Dans les heures et les jours qui suivent, elle prend la pleine mesure de la situation. On lui annonce que les chances qu’elle puisse marcher de nouveau un jour se situent à moins de 1%. C’était le lendemain de sa fête; le 8 février.

Réadaptation

«Au début, je me disais que je ne pourrais jamais vivre sans mes jambes. Finalement, avec la réadaptation, c’est faisable»

– Camille René

Puis, la réadaptation a commencé. Elle s’est déroulée à Montréal, sur une période de trois mois environ.

La jeune femme de 23 ans a vite réalisé que bien des choses avaient changé dans son corps. «J’ai perdu l’usage de mes jambes, mais j’ai aussi plein d’autres conséquences. Comme je suis paralysée à partir du bas de la poitrine, ma façon de respirer est maintenant différente. Il me reste une seule rangée de muscles abdominaux fonctionnels. En conséquence, je ne peux pas me soulever ni me tenir assise sans être appuyée. J’en suis incapable. Ma vessie et mes intestins sont affectés. Je dois les vider aux trois ou quatre heures pour ne pas m’intoxiquer», énumère-t-elle.

«Au début, je me disais que je ne pourrais jamais vivre sans mes jambes. Finalement, avec la réadaptation, c’est faisable. J’ai fait de gros progrès.»

Le sport, cet exutoire

La jeune femme de 23 ans est sortie du centre de réadaptation le 12 avril. Peu de temps avant, elle avait accordé une entrevue à la télé au cours de laquelle elle avait mentionné chercher des projets auxquels s’accrocher.

«Sylvie Trudel, la conjointe d’Eric Van Den Eynde (entraîneur de cyclisme renommé) a été touchée par mon histoire. Elle m’a contactée par Facebook et m’a dit qu’elle aimait mon attitude. Elle m’a offert d’essayer le vélo à main», raconte Camille.

Une semaine après son retour à la maison, elle a fait son premier essai. Depuis, elle s’entraîne cinq fois par semaine. Elle a aussi la chance, depuis trois mois, de bénéficier des judicieux conseils de M. Van Den Eynde.

Ce sport est un excellent exutoire à ses yeux: «Ça tombe à un bon moment parce qu’en sortant du centre de réadaptation, j’avais peur. Je ne savais pas ce qui m’attendait, ni comment j’affronterais la suite des choses», confie celle qui s’adonne aussi au basketball, à la nage et à l’entraînement en salle.

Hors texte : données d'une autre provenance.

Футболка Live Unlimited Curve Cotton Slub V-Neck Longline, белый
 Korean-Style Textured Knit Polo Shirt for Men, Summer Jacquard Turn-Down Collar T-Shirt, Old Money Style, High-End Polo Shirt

Dernièrement, la jeune femme participait à une tranche de la Coupe du monde Paracyclisme Route à Baie-Comeau. C’était sa deuxième compétition de l’été après les Championnats canadiens Route tenus à Saguenay. Juste après, elle prenait part aux Championnats québécois de paracyclisme 2018 à Victoriaville.

La suite

Ces compétitions, elle les fait par plaisir, et parce que ça lui permet d’apprivoiser sa nouvelle condition. «Je vais continuer à m’entraîner dans les mois qui viennent. On verra l’été prochain si je continue», mentionne celle qui envisage aussi reprendre ses études.

«Je suis actuellement en année de transition. J’ai quelques deuils à faire. Avant l’accident, je voulais travailler en milieu carcéral. Je dois maintenant changer de branche. Je consulte un orienteur, d’ailleurs.»

D’ici à ce que tout se place, Camille demeure chez ses parents à Saint-Léonard-d’Aston. Elle y trouve un soutien inconditionnel qui lui fait du bien. «Je suis chanceuse: j’ai une bonne famille et de bons amis. Ça m’aide énormément dans ma réadaptation», conclut cette cadette d’une famille de quatre enfants.